For their study, Google experts joined forces with a team from the University of California Berkeley. The two teams planned to learn how Gmail users manage to end up with a compromised account.
The Google team published their findings, which they deemed “immediately useful,” in a blog post. The research revealed that hackers usually employ two tools to take over Gmail accounts: malicious software and phishing techniques.
Around 788,000 account details were stolen with help from keyloggers in a year, while phishing methods accounted for 12 million exposed credentials. In total, around 3.3 billion accounts were compromised through third-party data breaches, researchers found.

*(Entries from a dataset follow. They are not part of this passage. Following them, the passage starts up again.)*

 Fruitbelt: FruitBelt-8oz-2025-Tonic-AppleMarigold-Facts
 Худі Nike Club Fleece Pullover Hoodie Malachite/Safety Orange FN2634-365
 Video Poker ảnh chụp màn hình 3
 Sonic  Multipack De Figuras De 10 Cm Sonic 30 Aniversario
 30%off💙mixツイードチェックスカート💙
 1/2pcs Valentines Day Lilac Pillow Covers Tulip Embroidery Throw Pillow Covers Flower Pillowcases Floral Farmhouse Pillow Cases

Experts claim that hackers are constantly fine-tuning their blackhat tools to make them more effective. For instance, many hackers are now using IP addresses, phone numbers, geolocation, and even device model information to break into the accounts.
Users Usually at Fault
Google researchers said they sifted through the data available on the black market and as many as 25,000 hacking tools in their research. All computer models revealed that the issue when it comes to a compromised account mainly lies with the user.

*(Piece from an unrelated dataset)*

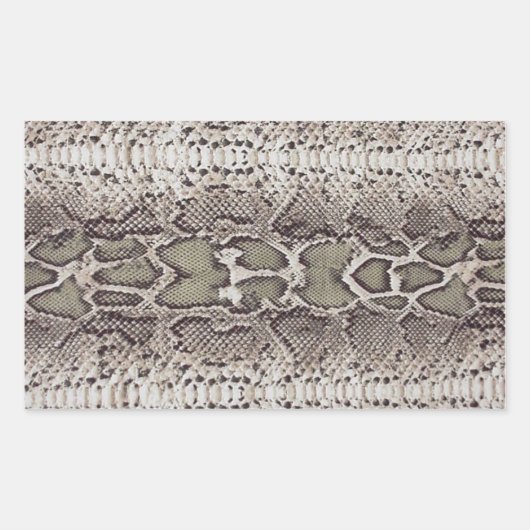 Slangenhuid Rechthoekige Stickers (Voorkant)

The user is usually at fault, researchers noted, because account owners use either weak passwords or ignore warnings about a cyber attack and continue to use their old passwords. Since human errors are difficult to prevent, experts believe existing protections should be upgraded in order to keep users safe and stay ahead of hackers.

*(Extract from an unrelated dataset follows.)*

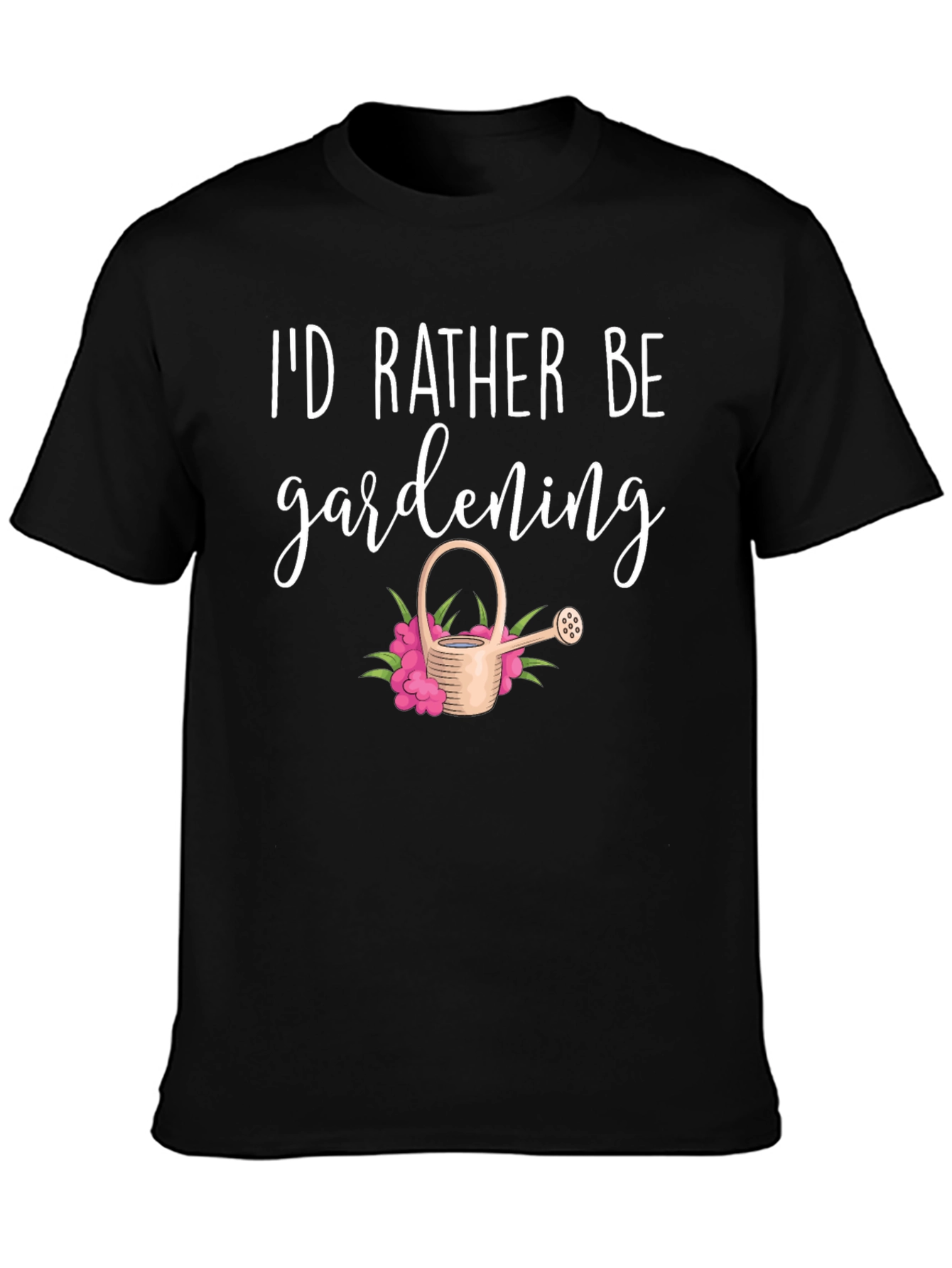 Gardening Lovers Black T-Shirt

The latest findings echo a report about a phishing scam affecting Google Docs users earlier this year. In May, users reported receiving fake Google Docs invite emails from their friends, which redirected them to a genuine Google website but also allowed hackers take over their accounts via malicious software. At the time, users were recommended that they contact their friends to ensure that it was them who had sent them the invite, not hackers.